A major limiting factor is that most employers do not have the necessary market power to thwart claimants. Because large employers often have workers dispersed across multiple states, their bargaining power in any given health care market is limited.

There may be exceptions. For example, government employee health plans may be able to amass enough subscribers in their local market to counter the market power of health systems that will not agree to cut rates. Collaborative purchasing models that combine market power between employers have also shown promise initially. Buyers should explore these types of models. However, the success of these approaches still depends on a sufficient number of combined registrations and sufficient competition in the market to be able to credibly say “no” to a high-priced health system.

Policy action that directly restricts prices is needed to improve affordability for people with employment-based insurance

Policy makers will ultimately have to intervene to achieve widespread and significant reductions in the price of health care for the privately insured. Policies to improve competition (for example, by prohibiting health systems from preventing insurers from referring patients to cheaper providers) are good policy and would help curb some of the practices used by health systems dominant to raise prices. But they alone will not solve the problem.

As Congress and states consider ways to address affordability, they should consider policies that address the underlying cost problem (the high prices charged by suppliers) and extend them to the employer market. One possible approach is to cap prices based on a percentage of Medicare rates. The idea is that market-based negotiations should work as usual where they work reasonably well. But in cases where a large healthcare system is able to extract rates that exceed, say, 200% Medicare, this indicates that the system is exploiting excessive market power. There may be legitimate concerns about the adequacy of health insurance rates and differences in quality. However, limiting what hospitals can charge to twice what Medicare pays seems like a place to draw the line between fair reimbursement and tackling the abusive pricing practices we see now. Price limits could also be based on a multiple of privately negotiated rates, as some have proposed.

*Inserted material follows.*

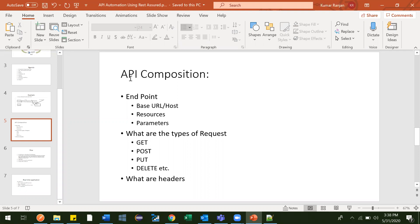Coming to endpoint — you can consider it as a starting point of some website where you want to reach. After that, there will be many contents inside that.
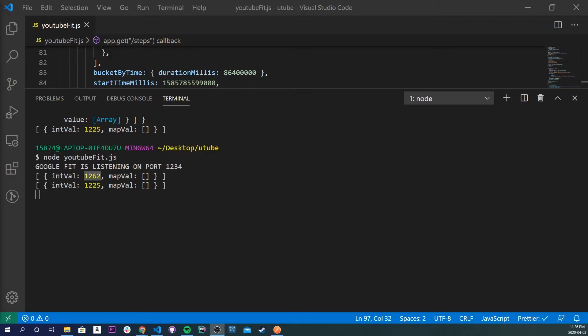So we got some data — you should pat yourself on the back, this was a long tutorial. What did we learn today? We learned how to use Google APIs, how to make a project inside the Developer Console, how to make API calls in Node.js, and how to get step data. I really hope this tutorial helped you out. I'd encourage you to go back to the Google API Dev Console, enable a different API, and try to implement it. Be sure to like, comment, and subscribe — I'll see y'all in the next one.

For example, what would a system mean that would limit hospitalization rates to no more than twice Medicare for the health care system? Analysis released by the Committee on Responsible Budgeting suggests that price caps for non-rural hospitals could collectively save employers and families nearly $ 900 billion in premiums and patients save nearly $ 100 billion. cost-sharing dollars over the next decade. The 10-year savings to the federal government would total approximately $ 200 billion. Capping hospital rates would reduce federal premium subsidies for plans purchased in Affordable Care Act markets. However, most of the federal savings would come in the form of increased income, as lower health care costs and hence bonuses allow employers to shift more money from health benefits to wages.

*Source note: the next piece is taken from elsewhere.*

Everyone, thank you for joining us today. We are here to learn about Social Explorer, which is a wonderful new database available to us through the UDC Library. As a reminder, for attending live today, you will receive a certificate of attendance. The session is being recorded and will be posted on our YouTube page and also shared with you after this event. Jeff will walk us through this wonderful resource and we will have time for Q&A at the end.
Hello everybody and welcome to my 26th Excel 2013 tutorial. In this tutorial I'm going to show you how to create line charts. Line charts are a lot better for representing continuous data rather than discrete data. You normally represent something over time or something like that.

Recent analyzes by the Urban Institute, the RAND Corporation and the Henry J. Kaiser Family Foundation on the effects of limiting payment rates suggest similar savings levels and highlight the effects of limiting payments to different multiples of Medicare. Reducing excessive prices means we would see higher growth in wages and employment, lower bonuses and cost sharing for families, and a reduced burden on taxpayers. Payment rate caps should be on the table as Congress and states consider ways to ensure broad access to more affordable health care.